Em algumas coisas minha mãe era inflexível e uma delas era com relação freqüentar as casas dos nossos vizinhos. Por mais que se pedisse, ela jamais concordava em que nós brincássemos nas casas dos nossos vizinhos. Na rua era até tolerado, pois morávamos numa viela sem saída, com apenas três casas de cada lado, mas nunca nas casas alheias. Era uma obsessão da qual ela não fazia qualquer tipo de concessão. Hoje penso que a sua forma de agir a protegia contra as investidas da garotada da vizinhança em brincar em nossa casa. Ao deixar bem claro, em alto e bom tom, que não gostava que nós aborrecêssemos a vizinhança, dava um sinal claro que esperava reciprocidade.

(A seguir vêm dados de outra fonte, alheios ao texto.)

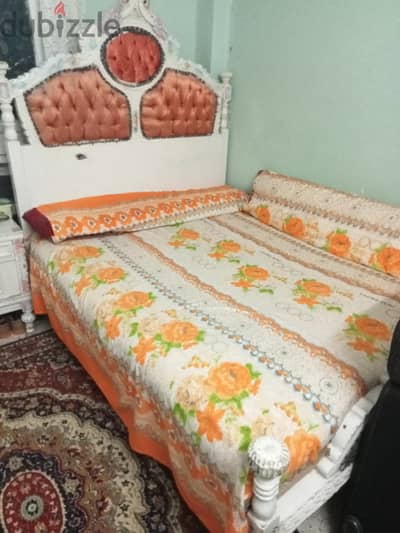 حجرة نوم كامله بامرتبه والمخده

Mas a dona Elisa, com o seu jeito meio maluco e seu quintal repleto de segredos e surpresas, que nunca consegui desvendar, ficaram em minha memória. Coisas como a moenda de madeira e a garapa escorrendo por um funil de lata, continuam sem solução, como uma equação mal compreendida na aula de matemática. São coisas de adultos que as crianças não conseguem entender e eles sentem um prazer sádico em complicar.